Post by Michaelhttp://www.bgonline.org/forums/webbbs_config.pl?noframes;read=203042#203042
Thanks for the pointer.
I did not read through the whole thread. However, I gather that your main
question is whether the standard "live cube takepoint" calculation is
"mathematically correct."
The term "mathematically correct" is more subtle than I think you recognize.
Let's start by stating something that is perhaps obvious but that needs to
be emphasized in any careful discussion of this type: Backgammon is not
mathematically solved. So if by "mathematically correct" we mean that the
live cube takepoint calculation yields an absolutely mathematically correct
rule for perfect backgammon play, then it is certainly not "mathematically
correct," for the simple reason that nothing is mathematically correct in
this very strong sense.
In fact, if you really want to speak precisely, even the concept of a "take
point" is not "mathematically correct." If we spell out the assumptions that
are usually left unstated, the term "take point" presupposes that if you are
given the following information---
1. the match score and the cube location, and
2. the percentages for wins, gammons, and backgammons for both sides
---then there exists a number, called the "take point," with the property
that if the win rate exceeds the take point then the correct cube action
is to take, and if the win rate falls below the take point then the correct
cube action is to drop. But this assumption is not "mathematically correct."
Whether the correct action is a take or a pass depends on the details of
the position, and not just on the items listed above. Mathematically speaking,
therefore, there is *no such thing as a take point*.
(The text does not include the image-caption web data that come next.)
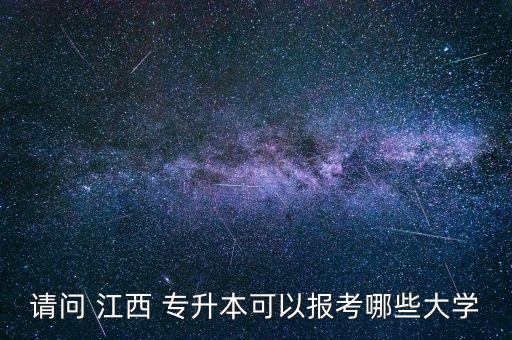 請(qǐng)問(wèn) 江西 專(zhuān)升本可以報(bào)考哪些大學(xué)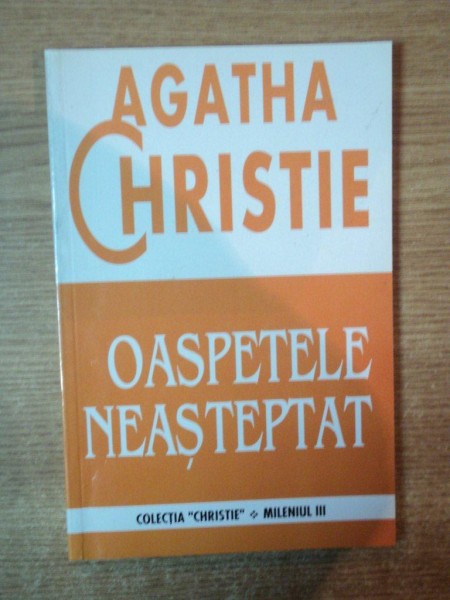 OASPETELE NEASTEPTAT de CHRISTIE AGATHA , Bucuresti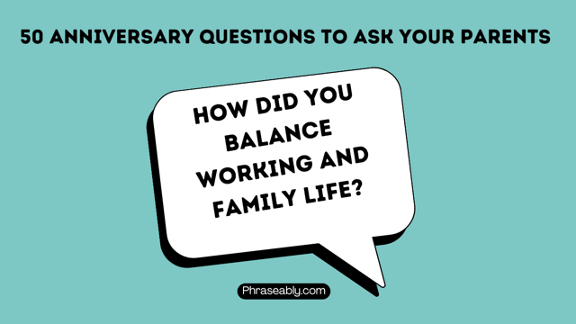 Anniversary Questions to Ask Your Parents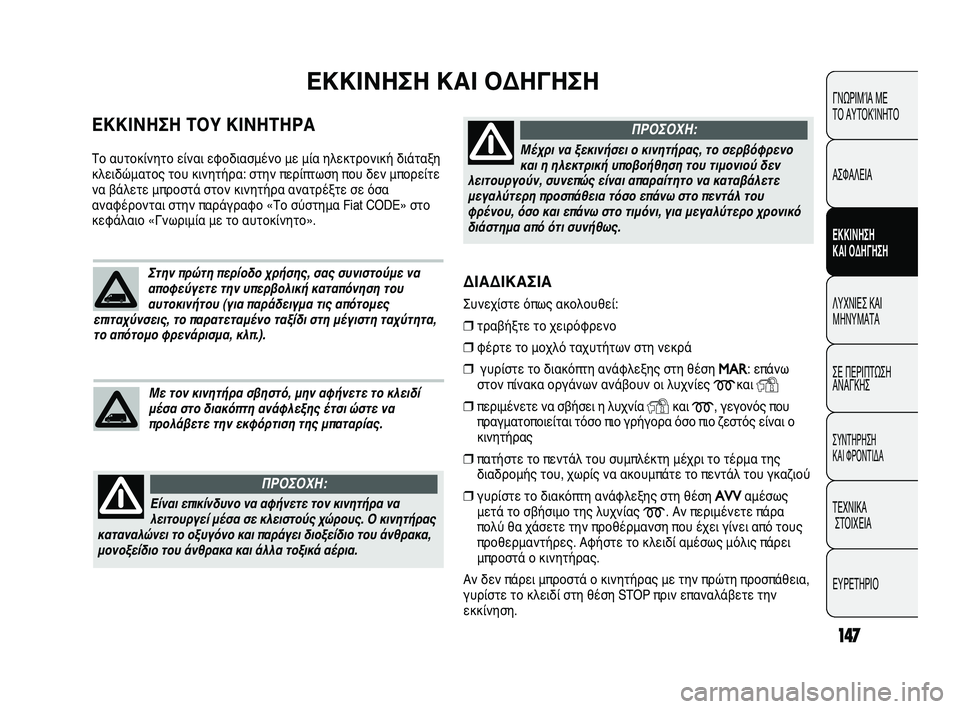 FIAT DUCATO 2010 ΒΙΒΛΙΟ ΧΡΗΣΗΣ ΚΑΙ ΣΥΝΤΗΡΗΣΗΣ (in Greek) 147
ΔΙΑΔΙΚΑΣΙΑ
Συνεχίστε όπως ακολουθεί:
❒τραβήξτε το χειρόφρενο
❒φέρτε το μοχλό ταχυτήτων στη νεκρά
❒γυρίσ FIAT DUCATO 2010 ΒΙΒΛΙΟ ΧΡΗΣΗΣ ΚΑΙ ΣΥΝΤΗΡΗΣΗΣ (in Greek) 147
ΔΙΑΔΙΚΑΣΙΑ
Συνεχίστε όπως ακολουθεί:
❒τραβήξτε το χειρόφρενο
❒φέρτε το μοχλό ταχυτήτων στη νεκρά
❒γυρίσ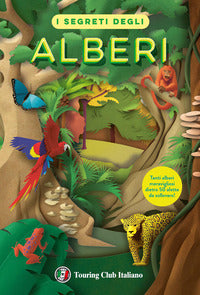 Segreti degli alberi - il ciclo vitale delle specie piu' diffuse sul pianeta 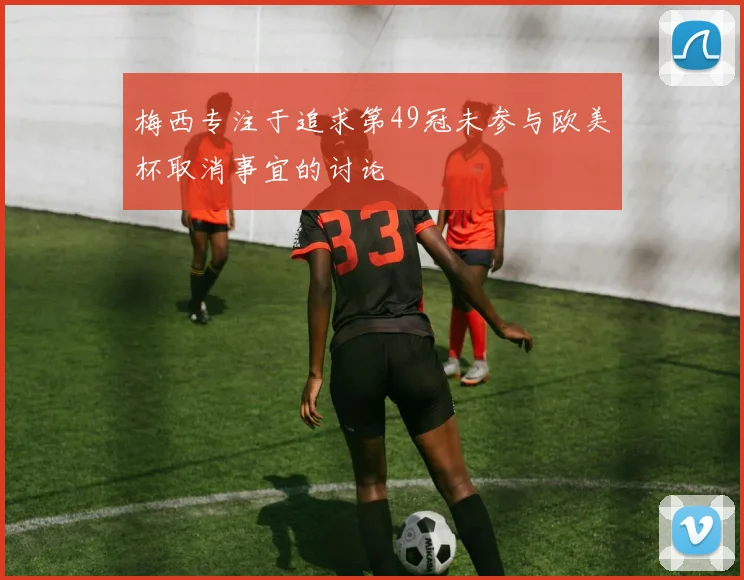梅西专注于追求第49冠未参与欧美杯取消事宜的讨论
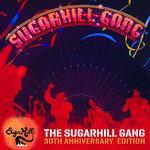 Слушать альбом - The Sugarhill Gang - 30th Anniversary Edition (2010)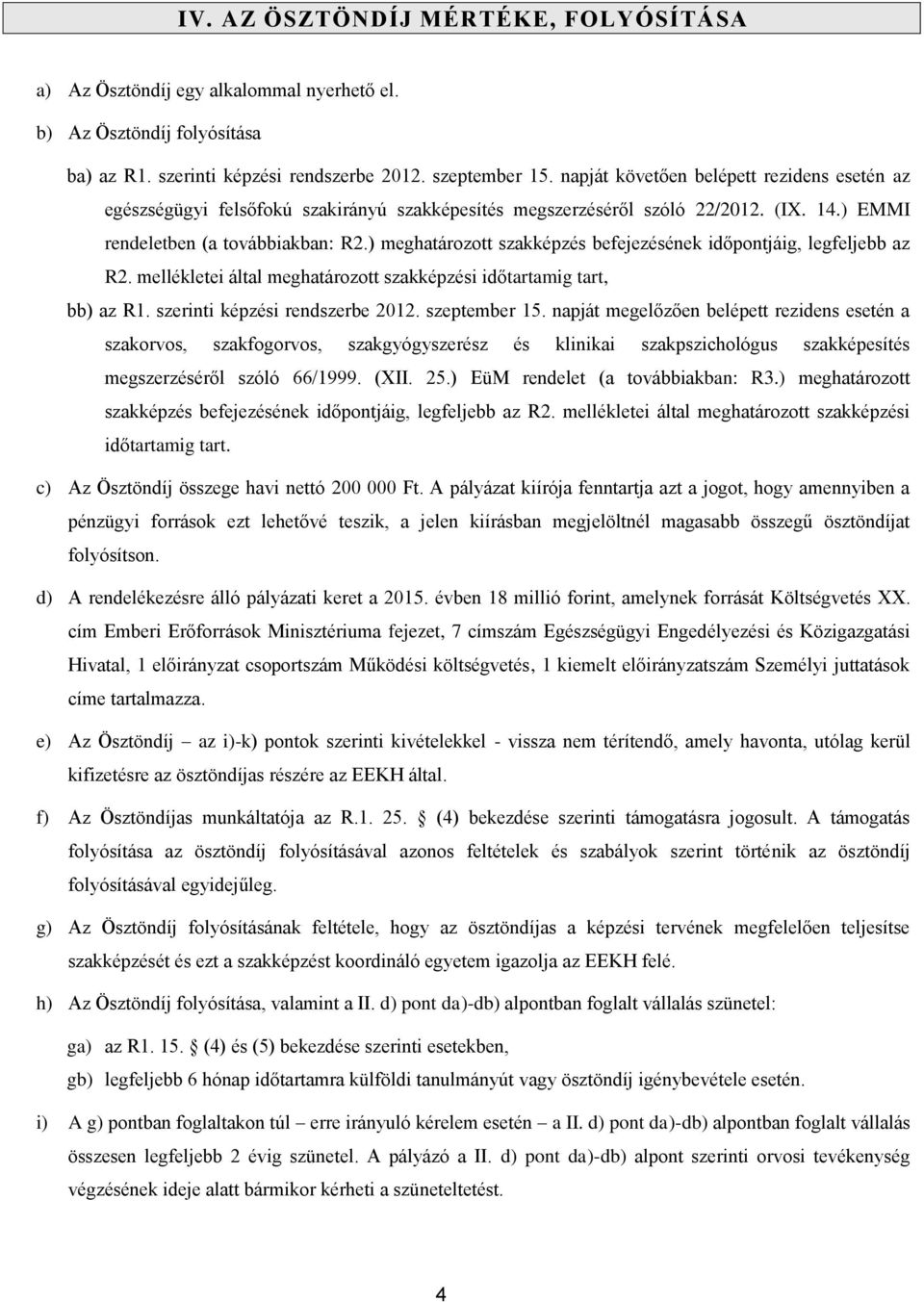 ) meghatározott szakképzés befejezésének időpontjáig, legfeljebb az R2. mellékletei által meghatározott szakképzési időtartamig tart, bb) az R1. szerinti képzési rendszerbe 2012. szeptember 15.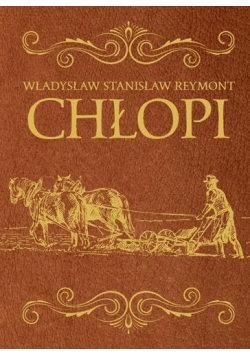 Chłopi. Wydanie ekskluzywne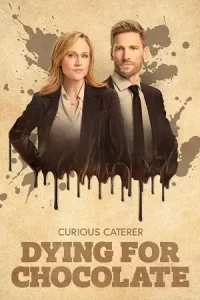 ดูหนังฟรี23.Curious Caterer: Dying for Chocolate (2022)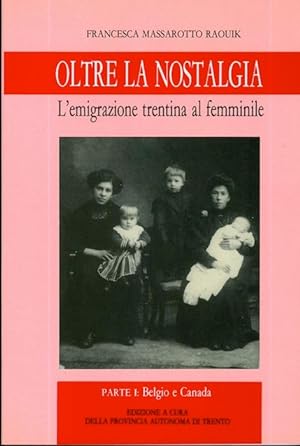 Bild des Verkufers fr Oltre la nostalgia: l'emigrazione trentina al femminile. zum Verkauf von Studio Bibliografico Adige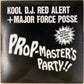 Kool D.J. Red Alert + Major Force Posse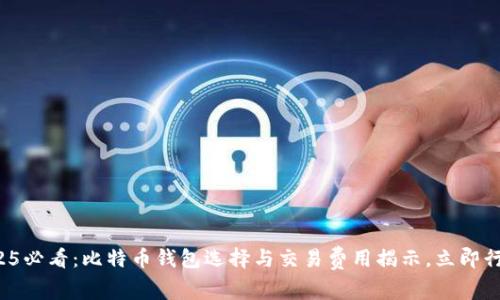 2025必看：比特币钱包选择与交易费用揭示，立即行动！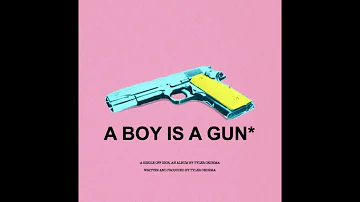 A BOY IS A GUN* but from an Alternate Universe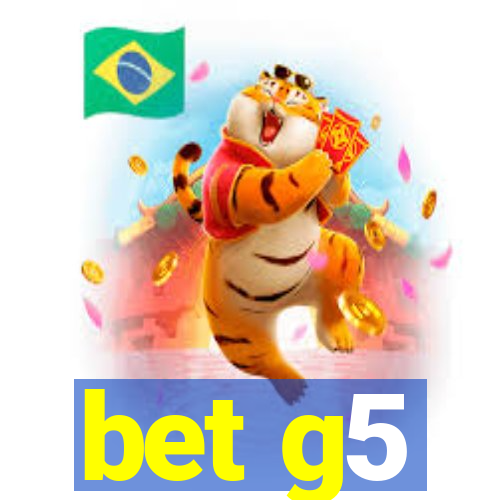 bet g5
Take point calculations are *heuristics*. By a "heuristic" I mean a rule of
thumb that does not always hold, but that is relatively easy to apply and
that generally provides good advice about how to play well. We all know a
lot of backgammon heuristics---making the 5pt is usually better than making
the bar point, race when ahead in the race, double in a straight race when
you're 10% ahead in the pip count, etc. With the exception of some heuristics
for non-contact positions, none of these are mathematically proven to be 100%
correct. They're just rules of thumb.
Because take point calculations involve more arithmetic than most heuristics,
they may give the impression of being "mathematically correct." But don't
let the arithmetic fool you. Take point calculations are nothing more than
sophisticated rules of thumb, like JOH's rule of 9/36 market losing sequences.
My point is that asking whether a heuristic is "correct" is the wrong question.
The only appropriate question is whether the heuristic works well, and whether
the assumptions underlying the calculation are believable.
O.K., so let's say we understand all this, and we understand that the take
point calculation can't be "correct." We can still ask, who came up with
the calculation and why did they think it would yield a good heuristic?
The way people have approached this sort of question in the past is that
they have developed *models* of backgammon. That is, they invent some kind
of mathematical process that is simpler than real backgammon but that
resembles backgammon in certain ways. They then analyze the simplified
mathematical model, and use that to obtain a heuristic for real backgammon.
The simplest model for backgammon involves a *continuously* varying equity
that moves up and down randomly. In this model you get a 20% take point:
http://www.bkgm.com/articles/KeelerSpencer/OptimalDoublingInBackgammon/
As Keeler and Spencer discuss, this model is oversimplified in many ways.
So others have tried to come up with more complicated models that are closer
to real backgammon but that can still be analyzed. For a recent attempt of
this sort, see:
https://arxiv.org/pdf/1203.5692.pdf
I'm not sure where the particular formula that you asked about on BGO comes
from originally. It might be from Janowski---
http://www.bkgm.com/articles/Janowski/cubeformulae.pdf
---but I haven't read the paper carefully enough to tell whether it describes
exactly the formula you're interested in.
---
Tim Chow